EMPIAR-11125 is an experimental cryo-ET dataset of H. neapolitanus alpha-carboxysomes²⁰. Three stacks (CB_02, CB_29, CB_59) are available from its EMPIAR entry for particle picking and verification purposes (Supplementary Fig. 4d). CTF estimation and motion correction are performed on the original movie stacks using Warp 1.0.9⁴³. Tilt alignment is performed using Dynamo (https://github.com/alisterburt/autoalign_dynamo). To reduce the computational cost and increase the SNR, the reconstructions produced by Warp are downsampled 8× and then used for particle picking so that the diameter of the alpha-carboxysome in the final tomogram is ~13 voxels. Again, DeepETPicker, crYOLO¹⁸, DeepFinder¹³, and TM⁹ are chosen for particle picking and performance comparison purposes. TM is performed by Dynamo with a reference map from EMDB entry EMD-27654 low-pass filtered to 60 Å. A total of 571 manually labeled particles are used for training and validation of crYOLO, DeepETPicker and DeepFinder (See Supplementary Methods A.8). Due to memory constraints, the final reconstructions are performed using 2× downsampled data in Warp. Then, RELION 3.1 beta is used for the subsequent subtomogram averaging step, including 3D classification (with one class only) and auto-refinement (Supplementary Fig. 4d).

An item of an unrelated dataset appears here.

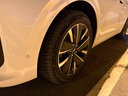 米其林（MICHELIN）汽車輪胎 255/50R20 109V 競馳EV PILOT SPORT EV ACOUSTIC 曬單實(shí)拍圖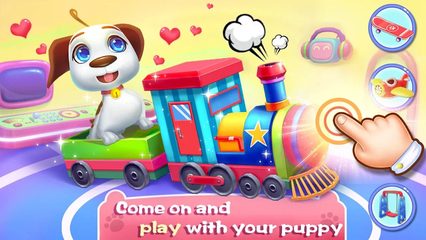 Screenshot 16: Hello！Virtual Space Puppy：3D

Statistics & reproducibility

In this study, 10 independent random replicates were produced on SHREC2021 datasets. Randomized two-sample t-test (rndttest2) as well as nonparametric ranksum test were performed for statistical comparison. For real tomograms, sample sizes were determined through experimental validation. No statistical method was used to predetermine sample sizes. DeepETPicker was evaluated across 4 experimental datasets, see detailed information in Supplementary Table 19. No data were excluded from the analysis. The material for reproducing the results within Figures and Supplementary Figs. is available in the Source Data file and the tutorials at https://github.com/cbmi-group/DeepETPicker.

Reporting summary

Further information on research design is available in the Nature Portfolio Reporting Summary linked to this article.